[OSM-dev] Speeding up Osm2pgsql through parallelization?

Sat Sep 17 17:43:47 BST 2011

On 01/-10/-28163 12:59 PM, Hartmut Holzgraefe wrote:
[...]
>
> For the sorting code to perform well work_mem is key though, while
> for the index recreation step maintenance_work_mem is needed.
> Currently the wiki guide on pgsql configuration suggests static
> values for both (and until recently did not mention work_mem at all).
> There's also an issue with osm2pgsql not really returning the
> cache memory to the operating system due to heap fragmentation.
>
> Better results for large imports (table sizes much larger than
> RAM size) could probably be archived by:
>
> * making sure osm2pgsql properly returns the memory used for its
>    cache to the operating system, for this i've got a working patch:
>
>     https://github.com/hholzgra/osm2pgsql/tree/freeable_cache

OK, I have committed your patch and extended it to have a command line 
option to fall back to the old behavior.

In Linux, allocating the node cache as one large chunk works well, as 
internally Linux over commits memory and only allocates physical ram for 
those pages that are actually written too. So you can still specify a 
large cache value and only use as much physical memory as you need to 
cache all the nodes. As it is hard to guess how much cache one needs, 
particularly for diff-imports, this is pretty helpfull to not waste memory.

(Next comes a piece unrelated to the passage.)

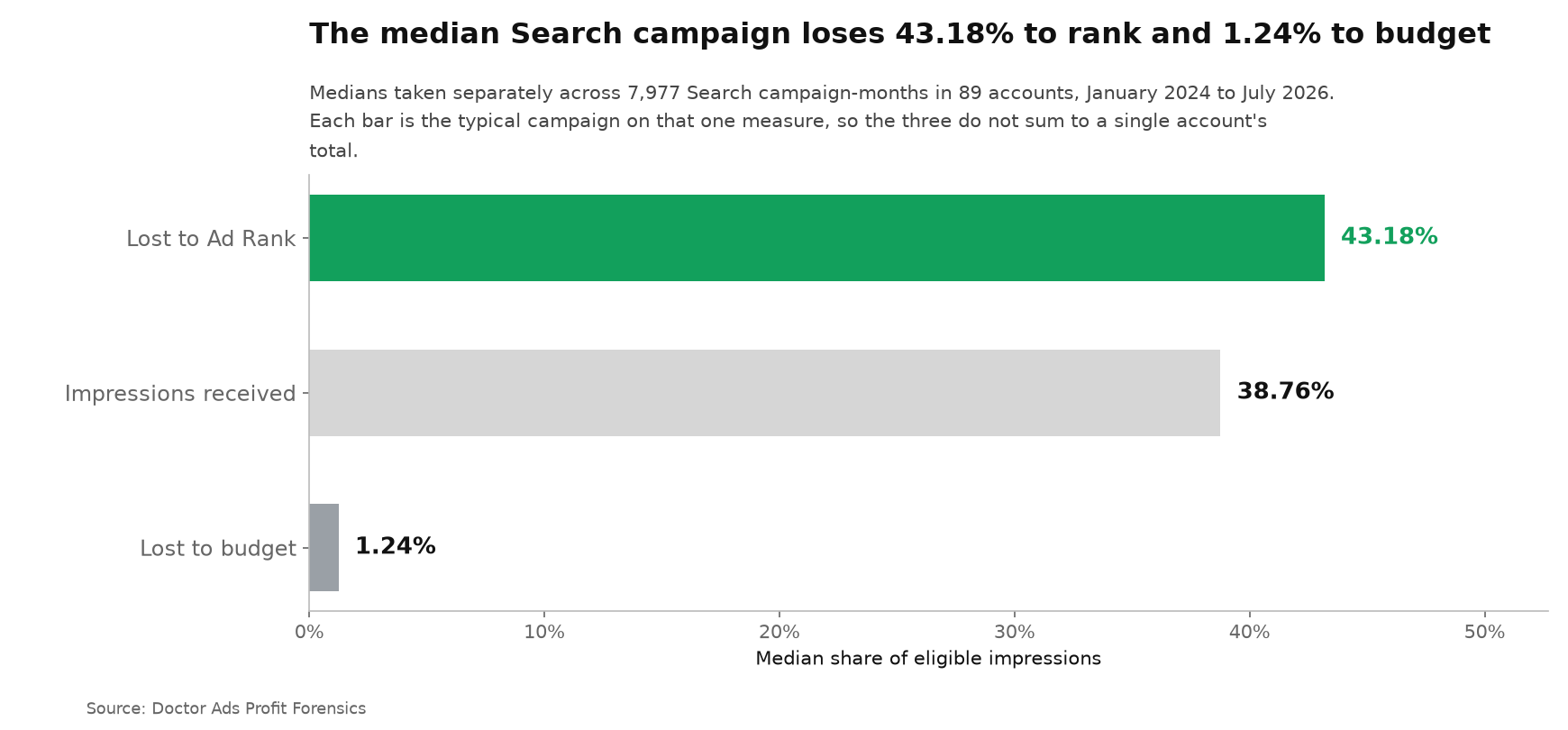 Where Your Google Ads Impressions Actually Go: 43.18% Lost to Rank, 1.24% to Budget 2 In the median Search campaign-month, 43.18% of impressions are lost to Ad Rank and 1.24% are lost to budget, while 38.76% of eligible impressions are actually received.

Other operating systems (Solaris? Mac OSX? Windows?) might behave 
differently and actually reserve  the full amount of memory, in which 
case one might want to fall back to the old behavior at least for diff 
imports.

>
> * serializing the index creation and clustering steps
>
>    running these in parallel makes sense where everything fits
>    into caches in RAM so that things get CPU bound, but on large
>    imports things will be IO bound anyway, and parallel index
>    builds just lead to lower cache hit rates which causes even
>    more IO load

I have committed this patch too, although I have changed it so that the 
default remains to do the indexing in parallel, and the command line 
switch changes the behavior to serial indexing.

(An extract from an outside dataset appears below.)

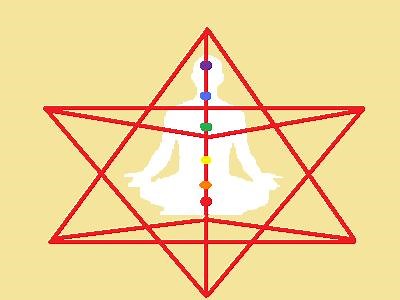 Merkaba : c'est quoi ce symbole ? Origines & utilité - Gaïamamart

On my preliminary benchmarks, doing the indexing in parallel was 
slightly faster than doing it one table at a time. However, I only tried 
it on small planet extracts (about 100Mb for the osm.pbf file). I also 
didn't play around with the postgresql settings of work_mem and 
maintanance_work_mem. Which is potentially where the benefit from doing 
things sequentially comes from, by being able to set those values higher.

>
> * start with low default work_mem and maintenance_work_mem settings
>    and raise them on a per statement level, so making the appropriate
>    buffer for a given operation (work_mem for ORDER BY,
>    maintenance_work_mem for CREATE INDEX) as large as possible and
>    then shrinking it back to its default size afterwards

Is it possible to adjust work_mem and maintanance_work_mem at run time?

>
> Whether CLUSTER or the current approach is better/faster for our
> imports needs to be benchmarked, my personal bet would be that
> CLUSTER wins as our data distribution over time is not totally
> random, but this really needs to me tested out.

I haven't yet benchmarked the difference between CLUSTER and the current 
sorting based method.

Has anyone else got numbers on this?

Kai

>
> (one additional advantage of CLUSTER would be that peak disk
> space usage during the operation would only be about two times
> the data size instead of three times with the current approach)
>